Monday, July 29, 2013

Hiking At Spangler Park

   The recent heat wave and rain has got the insect population thriving but this weekend conditions were mild and cool.  Generally in the heat of summer I avoid the deep woods with the annoying constant attack of mosquitoes and biting deer flies but when the weather cools it's always a treat to get out and enjoy the forest.  Taking advantage of this opportunity for adventure we strapped on our hiking boots and headed out.

Spangler Park is a 320 acre city park located about five miles west of Wooster, Ohio in the hills of Wayne County.  A walking trail network winds around steep ravines draining into a creek called Rathburn Run.  Crumbling Ohio shale is visible many places from the trail.

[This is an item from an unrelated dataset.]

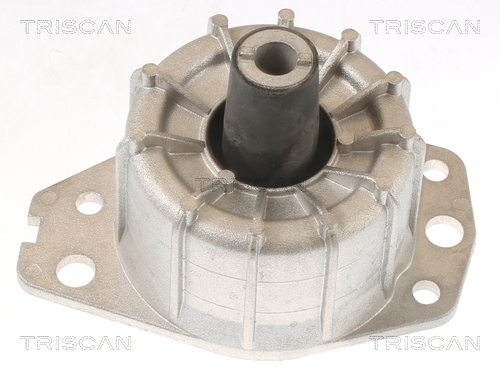 TRISCAN Lagerung, Motor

I always love hiking in a new place I've never been before.  The fun is wondering what sight lies just around the next bend or over the next rise.  As is the case with many parks and natural areas we have visited Spangler Park was teeming with animal and plant life and even some interesting fungus.  We had several encounters with whitetail deer and their little fawns at home in the forest.

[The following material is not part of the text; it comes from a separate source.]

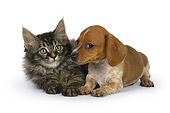 DOK 01 RK0528 01
Dachshund Puppy And Maine Coon Kitten On White Seamless Studio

At one point my son's sharp eye caught sight of some debris caught amid a rocky cut winding down a nearby hillside.  Countless years of runoff had eroded away the soil creating steep sided ravine filled with rocks and small boulders.  As we carefully climbed up the drainage we found all sorts of broken glass, pottery and a few rusty pieces of metal wedged among the rocks. 

In the previous century in rural America it was common practice for a homestead to create a dumping area in an out of the way corner of the property to dispose of no longer needed items.  In times past most people were much more thrifty than they are today and commonly saved and reused all sorts of household goods.  But even in lean times human activity still creates refuse and this is what we discovered; someones old trash pile. 
Antique blue glass from an old Mason jar and pottery shards.

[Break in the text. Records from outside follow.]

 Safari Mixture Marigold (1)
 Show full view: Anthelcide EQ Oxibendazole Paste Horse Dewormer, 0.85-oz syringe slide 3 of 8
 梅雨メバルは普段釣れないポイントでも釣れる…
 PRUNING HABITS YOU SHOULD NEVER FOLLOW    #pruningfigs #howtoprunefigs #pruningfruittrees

Vintage Pepsi Bottle from the 1940's or 50's

In flatter areas these refuse piles can remain undisturbed in a quiet corner of a woodlot and all kinds of interesting things can be found.  Unfortunately the steep hillside and churning action of the rocks had broken up most of the bottles we saw but we did find a few unbroken examples of old brown glass Clorox bleach bottles, clear perfume bottles, small ornate white glass makeup containers  and porcelain Mason jar lid inserts. 

Some non-glass items we found included an early electric clothes iron and old boot heels and shoe leather.  Just everyday items cast off as junk by a family long ago.  An interesting little window back in time.  My son is big into television shows like American Pickers and Pawnstars so he is interested in antiques and old fashioned things.  He had a great time digging through this old stuff. 

The only piece I carried away was this little porcelain and glazed insulator.  It was part of a gang of three attached to a rusty iron bracket.  One of the three was missing and the second had some chips in the glazing so I left it behind keeping only the best one to put on display in my outdoor insulator collection.

A glade of Hemlocks growing on a cool shady hillside.
As we neared the end of our hike we came upon a roped off area.  Investigating further we found this abandoned well. It was covered with a metal wire grate to prevent someone falling In.



  1. Hello Mike,

    Those old well are the best example I can think of to "sit down beside a nice tree and wait for daylight" in the event of getting "lost in the woods". Especially if it's getting dark.

    One unfortunate step could be the end of you.

    They're here in WV too but we have the added dangers of old barb wire fences and coal mining "high walls".